The local planner is inspired by the VFH+ algorithm, which creates a polar histogram of obstacle densities surrounding the robot. The polar histogram is then turned into a binary histogram by applying an obstacle density threshold. Finally a cost function is used to select the best steering direction. The local planner then applies some heuristics specific to Salus’ use case. The final desired yaw is converted to a desired angular velocity with a PID loop. The local planner also adjusts various parameters based on its distance to the goal.

Local planner (obstacle avoidance) design.

The differential drive controller takes the desired speed and desired angular velocity from the local planner and outputs motor speeds in percents to be actuated on the robot. The controller uses a feed-forward control term using the differential drive kinematic model, and a PID feedback loop. The feedback comes from odometry and IMU data from motor encoders and an IMU sensor on the robot.

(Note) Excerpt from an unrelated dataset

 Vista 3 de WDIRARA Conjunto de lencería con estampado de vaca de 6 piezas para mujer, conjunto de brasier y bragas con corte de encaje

Differential drive controller design.

Modeling, Analysis, & Testing

Due to a delay in the Marvelmind robot base, a model of Salus was built in Gazebo for testing the indoor navigation subsystem. Testing was performed incrementally, starting with the differential drive PID controller. To test the differential drive PID controller, desired linear and angular velocities (which normally come from the local planner) were sent as an input to the controller. The desired linear and angular velocities versus the actual linear and angular velocities of the Salus were plotted to check the transient response. Results of one such test are shown in the image below. The graph shows that the controller is underdamped, but settles to the desired velocity and angular velocity within a few seconds.

Navigation PID Testing

Next, the occupancy grid and the local planner were tested. The occupancy grid was tested in isolation by publishing fake LiDAR data and visually checking that the cells of the grid were updated correctly. The local planner was then tested while Salus was stationary with fake LiDAR data being published to the occupancy grid. This test ensured that the VFH algorithm was choosing a direction that avoided obstacles while moving towards the navigation goal.

Occupancy grid and local planner testing

Finally, after each component was performing as expected in isolation, the full indoor navigation subsystem was tested. Various gazebo environments were created with obstacles in the path between Salus and the navigation goal. The video in the link below shows the results of one such test. Salus was able to successfully navigate from the start position to each of the goal poses while out-performing the requirements in MPR-5.

Navigation Full System Testing – Video

After the Marvelmind base and IPS were fully functioning and integrated with the indoor navigation subsystem, the navigation software was tested on the Marvelmind robot. Initial testing involved point-to-point navigation while avoiding obstacles. During these tests, we observed the final pose error of Salus to make sure it met PR6-M. Eventually we were testing Salus in a more cluttered environment than originally intended, which prompted the addition of the global planner. Unit tests were also added throughout the fall semester to test individual functions within the indoor navigation subsystem.